_Task objective_
Please keep to the lines below from the one with "Душевая дверь BelBagno" through the one with "LEGO | ONE PIECE", and restate them word for word, ends included.

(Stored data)
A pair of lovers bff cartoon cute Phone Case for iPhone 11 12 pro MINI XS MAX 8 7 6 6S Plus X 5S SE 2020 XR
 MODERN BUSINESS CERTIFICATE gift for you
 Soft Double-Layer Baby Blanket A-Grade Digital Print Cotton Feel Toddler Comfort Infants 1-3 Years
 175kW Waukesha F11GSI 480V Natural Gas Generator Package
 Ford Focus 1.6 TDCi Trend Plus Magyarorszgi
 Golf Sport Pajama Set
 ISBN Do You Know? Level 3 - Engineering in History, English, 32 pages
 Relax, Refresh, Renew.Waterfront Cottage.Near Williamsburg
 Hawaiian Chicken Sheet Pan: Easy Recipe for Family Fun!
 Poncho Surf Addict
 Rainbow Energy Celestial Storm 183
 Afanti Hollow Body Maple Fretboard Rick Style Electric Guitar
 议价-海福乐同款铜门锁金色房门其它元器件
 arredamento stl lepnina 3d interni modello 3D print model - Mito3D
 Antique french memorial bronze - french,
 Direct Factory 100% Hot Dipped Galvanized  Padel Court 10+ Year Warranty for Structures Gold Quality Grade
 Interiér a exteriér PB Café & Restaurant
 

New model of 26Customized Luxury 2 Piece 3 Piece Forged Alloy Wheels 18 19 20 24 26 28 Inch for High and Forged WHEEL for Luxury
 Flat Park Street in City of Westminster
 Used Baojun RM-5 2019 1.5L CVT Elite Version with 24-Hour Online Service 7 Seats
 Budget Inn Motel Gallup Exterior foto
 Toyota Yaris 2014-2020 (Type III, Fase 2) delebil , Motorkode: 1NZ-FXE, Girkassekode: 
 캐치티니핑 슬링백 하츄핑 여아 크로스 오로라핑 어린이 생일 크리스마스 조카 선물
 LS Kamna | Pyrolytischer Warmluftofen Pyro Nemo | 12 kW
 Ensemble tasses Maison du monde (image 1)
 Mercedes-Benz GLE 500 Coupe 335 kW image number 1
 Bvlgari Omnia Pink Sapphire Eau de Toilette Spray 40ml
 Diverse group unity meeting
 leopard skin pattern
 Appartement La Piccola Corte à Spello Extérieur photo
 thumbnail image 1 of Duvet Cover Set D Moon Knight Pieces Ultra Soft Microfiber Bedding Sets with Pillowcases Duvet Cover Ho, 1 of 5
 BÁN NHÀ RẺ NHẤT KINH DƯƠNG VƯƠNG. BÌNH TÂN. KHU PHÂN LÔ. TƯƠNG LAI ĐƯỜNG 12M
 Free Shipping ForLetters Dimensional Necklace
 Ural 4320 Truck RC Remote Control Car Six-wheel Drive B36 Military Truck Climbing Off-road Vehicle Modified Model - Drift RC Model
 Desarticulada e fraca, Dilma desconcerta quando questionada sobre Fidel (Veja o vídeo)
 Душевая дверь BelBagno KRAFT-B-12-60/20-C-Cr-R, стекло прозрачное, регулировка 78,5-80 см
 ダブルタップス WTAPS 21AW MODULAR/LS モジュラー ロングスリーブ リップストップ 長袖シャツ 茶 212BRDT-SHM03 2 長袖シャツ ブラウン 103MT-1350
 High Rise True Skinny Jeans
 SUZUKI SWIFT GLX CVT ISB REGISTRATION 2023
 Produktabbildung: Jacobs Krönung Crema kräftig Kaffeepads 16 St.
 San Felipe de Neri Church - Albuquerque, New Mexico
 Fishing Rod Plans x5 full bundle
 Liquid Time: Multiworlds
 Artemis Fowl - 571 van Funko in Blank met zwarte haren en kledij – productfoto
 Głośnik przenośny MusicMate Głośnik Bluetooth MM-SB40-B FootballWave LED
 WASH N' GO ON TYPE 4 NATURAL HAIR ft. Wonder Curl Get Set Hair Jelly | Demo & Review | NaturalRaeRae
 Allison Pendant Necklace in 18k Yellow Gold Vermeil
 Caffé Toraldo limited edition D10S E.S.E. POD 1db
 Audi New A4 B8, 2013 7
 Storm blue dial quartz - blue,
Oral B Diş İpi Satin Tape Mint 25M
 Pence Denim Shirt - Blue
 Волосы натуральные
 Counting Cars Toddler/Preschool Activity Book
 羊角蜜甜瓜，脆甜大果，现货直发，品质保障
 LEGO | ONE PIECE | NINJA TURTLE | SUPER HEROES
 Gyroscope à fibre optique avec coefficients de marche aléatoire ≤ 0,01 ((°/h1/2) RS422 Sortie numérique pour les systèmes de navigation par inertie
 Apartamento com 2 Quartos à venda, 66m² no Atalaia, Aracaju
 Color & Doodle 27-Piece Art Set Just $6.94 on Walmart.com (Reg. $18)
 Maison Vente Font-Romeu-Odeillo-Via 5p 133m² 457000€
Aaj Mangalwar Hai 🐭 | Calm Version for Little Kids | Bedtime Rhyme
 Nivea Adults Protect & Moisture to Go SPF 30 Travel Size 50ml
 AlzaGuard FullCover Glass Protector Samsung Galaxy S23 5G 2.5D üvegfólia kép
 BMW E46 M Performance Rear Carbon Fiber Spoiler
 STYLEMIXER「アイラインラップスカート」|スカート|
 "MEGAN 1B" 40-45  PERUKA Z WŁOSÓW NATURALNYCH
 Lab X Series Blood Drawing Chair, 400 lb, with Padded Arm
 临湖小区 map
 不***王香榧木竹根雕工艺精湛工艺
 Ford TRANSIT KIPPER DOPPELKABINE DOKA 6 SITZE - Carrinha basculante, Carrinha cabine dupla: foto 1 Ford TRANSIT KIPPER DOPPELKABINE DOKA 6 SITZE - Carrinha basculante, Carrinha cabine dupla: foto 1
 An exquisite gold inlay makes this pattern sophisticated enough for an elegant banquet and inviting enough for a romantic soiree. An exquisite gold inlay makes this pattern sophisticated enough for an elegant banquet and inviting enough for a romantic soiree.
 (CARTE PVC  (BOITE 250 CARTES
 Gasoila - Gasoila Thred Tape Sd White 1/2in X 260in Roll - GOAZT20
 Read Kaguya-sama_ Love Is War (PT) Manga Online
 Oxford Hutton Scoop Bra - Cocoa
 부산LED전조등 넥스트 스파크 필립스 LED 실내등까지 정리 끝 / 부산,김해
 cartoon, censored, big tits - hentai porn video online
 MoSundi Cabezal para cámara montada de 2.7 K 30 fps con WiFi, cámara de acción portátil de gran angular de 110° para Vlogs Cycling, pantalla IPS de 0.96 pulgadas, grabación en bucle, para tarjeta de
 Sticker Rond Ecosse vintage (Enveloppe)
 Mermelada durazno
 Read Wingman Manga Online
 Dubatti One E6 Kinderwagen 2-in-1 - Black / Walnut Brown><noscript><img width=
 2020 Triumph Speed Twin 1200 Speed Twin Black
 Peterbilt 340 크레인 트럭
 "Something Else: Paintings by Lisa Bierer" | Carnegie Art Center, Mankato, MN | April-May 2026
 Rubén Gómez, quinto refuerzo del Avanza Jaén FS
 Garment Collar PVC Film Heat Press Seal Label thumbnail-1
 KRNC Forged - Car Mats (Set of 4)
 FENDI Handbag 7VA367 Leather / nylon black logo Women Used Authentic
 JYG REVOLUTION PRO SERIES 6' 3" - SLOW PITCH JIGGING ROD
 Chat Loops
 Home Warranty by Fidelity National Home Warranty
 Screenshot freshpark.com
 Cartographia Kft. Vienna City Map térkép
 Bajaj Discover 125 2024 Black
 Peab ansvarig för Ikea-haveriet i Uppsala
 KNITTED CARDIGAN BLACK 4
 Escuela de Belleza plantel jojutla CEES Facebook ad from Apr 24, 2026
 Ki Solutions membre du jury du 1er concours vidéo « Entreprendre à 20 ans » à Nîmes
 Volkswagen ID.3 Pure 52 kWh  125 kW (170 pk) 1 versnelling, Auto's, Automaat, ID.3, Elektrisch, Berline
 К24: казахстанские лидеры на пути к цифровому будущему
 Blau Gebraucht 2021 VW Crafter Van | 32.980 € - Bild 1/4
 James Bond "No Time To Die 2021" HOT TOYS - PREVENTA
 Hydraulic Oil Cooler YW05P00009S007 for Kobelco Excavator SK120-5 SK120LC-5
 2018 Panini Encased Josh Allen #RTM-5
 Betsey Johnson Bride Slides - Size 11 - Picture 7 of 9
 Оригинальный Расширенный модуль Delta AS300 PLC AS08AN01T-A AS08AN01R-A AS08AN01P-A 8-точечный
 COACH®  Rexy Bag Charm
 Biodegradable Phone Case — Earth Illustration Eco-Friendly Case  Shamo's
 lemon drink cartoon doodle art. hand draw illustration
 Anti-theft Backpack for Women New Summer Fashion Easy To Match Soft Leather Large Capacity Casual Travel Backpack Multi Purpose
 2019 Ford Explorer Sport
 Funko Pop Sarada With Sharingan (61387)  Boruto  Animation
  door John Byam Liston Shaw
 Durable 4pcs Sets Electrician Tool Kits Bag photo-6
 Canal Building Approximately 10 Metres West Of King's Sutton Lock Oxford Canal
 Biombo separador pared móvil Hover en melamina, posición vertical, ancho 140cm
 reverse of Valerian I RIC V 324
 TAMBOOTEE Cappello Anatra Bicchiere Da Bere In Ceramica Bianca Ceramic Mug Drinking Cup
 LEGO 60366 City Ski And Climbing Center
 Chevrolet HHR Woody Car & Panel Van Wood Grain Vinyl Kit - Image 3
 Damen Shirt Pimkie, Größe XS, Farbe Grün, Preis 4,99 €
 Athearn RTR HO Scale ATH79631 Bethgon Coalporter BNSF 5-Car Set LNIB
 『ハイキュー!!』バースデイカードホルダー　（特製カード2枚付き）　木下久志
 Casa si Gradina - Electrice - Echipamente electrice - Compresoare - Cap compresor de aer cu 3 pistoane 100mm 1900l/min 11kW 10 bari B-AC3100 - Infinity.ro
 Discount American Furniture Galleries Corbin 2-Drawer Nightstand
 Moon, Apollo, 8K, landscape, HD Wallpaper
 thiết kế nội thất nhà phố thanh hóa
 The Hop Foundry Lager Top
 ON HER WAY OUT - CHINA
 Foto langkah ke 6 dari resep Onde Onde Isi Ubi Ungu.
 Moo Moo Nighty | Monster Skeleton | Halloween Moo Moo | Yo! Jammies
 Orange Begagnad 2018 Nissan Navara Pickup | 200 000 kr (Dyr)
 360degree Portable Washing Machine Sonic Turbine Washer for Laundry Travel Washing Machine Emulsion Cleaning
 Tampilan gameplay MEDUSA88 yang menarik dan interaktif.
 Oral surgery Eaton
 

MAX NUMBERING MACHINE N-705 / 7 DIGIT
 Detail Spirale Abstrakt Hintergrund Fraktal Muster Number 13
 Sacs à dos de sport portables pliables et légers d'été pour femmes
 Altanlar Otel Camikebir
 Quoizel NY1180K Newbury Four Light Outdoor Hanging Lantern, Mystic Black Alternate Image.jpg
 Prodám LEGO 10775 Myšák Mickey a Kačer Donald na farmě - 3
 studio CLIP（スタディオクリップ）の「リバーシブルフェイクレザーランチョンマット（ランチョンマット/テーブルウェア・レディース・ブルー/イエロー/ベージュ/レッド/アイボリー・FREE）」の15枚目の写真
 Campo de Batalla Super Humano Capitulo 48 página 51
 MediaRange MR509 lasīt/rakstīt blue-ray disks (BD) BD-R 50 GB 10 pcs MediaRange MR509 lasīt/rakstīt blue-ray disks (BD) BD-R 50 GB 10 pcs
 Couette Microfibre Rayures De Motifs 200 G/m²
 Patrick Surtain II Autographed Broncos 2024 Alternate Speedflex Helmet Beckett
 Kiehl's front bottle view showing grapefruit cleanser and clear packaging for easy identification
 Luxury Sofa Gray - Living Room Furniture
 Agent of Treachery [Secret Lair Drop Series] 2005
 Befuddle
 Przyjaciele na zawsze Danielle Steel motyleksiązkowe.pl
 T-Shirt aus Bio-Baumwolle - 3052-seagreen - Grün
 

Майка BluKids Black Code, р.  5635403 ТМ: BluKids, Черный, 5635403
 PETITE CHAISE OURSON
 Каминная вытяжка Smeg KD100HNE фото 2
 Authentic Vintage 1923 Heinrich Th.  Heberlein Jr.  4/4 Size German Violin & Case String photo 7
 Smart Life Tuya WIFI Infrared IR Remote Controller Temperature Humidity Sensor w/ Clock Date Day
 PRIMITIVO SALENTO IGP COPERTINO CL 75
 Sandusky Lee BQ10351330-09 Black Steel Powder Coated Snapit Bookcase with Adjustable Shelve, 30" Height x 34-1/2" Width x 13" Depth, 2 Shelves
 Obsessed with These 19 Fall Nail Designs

_Response for this exercise_
 Душевая дверь BelBagno KRAFT-B-12-60/20-C-Cr-R, стекло прозрачное, регулировка 78,5-80 см
 ダブルタップス WTAPS 21AW MODULAR/LS モジュラー ロングスリーブ リップストップ 長袖シャツ 茶 212BRDT-SHM03 2 長袖シャツ ブラウン 103MT-1350
 High Rise True Skinny Jeans
 SUZUKI SWIFT GLX CVT ISB REGISTRATION 2023
 Produktabbildung: Jacobs Krönung Crema kräftig Kaffeepads 16 St.
 San Felipe de Neri Church - Albuquerque, New Mexico
 Fishing Rod Plans x5 full bundle
 Liquid Time: Multiworlds
 Artemis Fowl - 571 van Funko in Blank met zwarte haren en kledij – productfoto
 Głośnik przenośny MusicMate Głośnik Bluetooth MM-SB40-B FootballWave LED
 WASH N' GO ON TYPE 4 NATURAL HAIR ft. Wonder Curl Get Set Hair Jelly | Demo & Review | NaturalRaeRae
 Allison Pendant Necklace in 18k Yellow Gold Vermeil
 Caffé Toraldo limited edition D10S E.S.E. POD 1db
 Audi New A4 B8, 2013 7
 Storm blue dial quartz - blue,
Oral B Diş İpi Satin Tape Mint 25M
 Pence Denim Shirt - Blue
 Волосы натуральные
 Counting Cars Toddler/Preschool Activity Book
 羊角蜜甜瓜，脆甜大果，现货直发，品质保障
 LEGO | ONE PIECE | NINJA TURTLE | SUPER HEROES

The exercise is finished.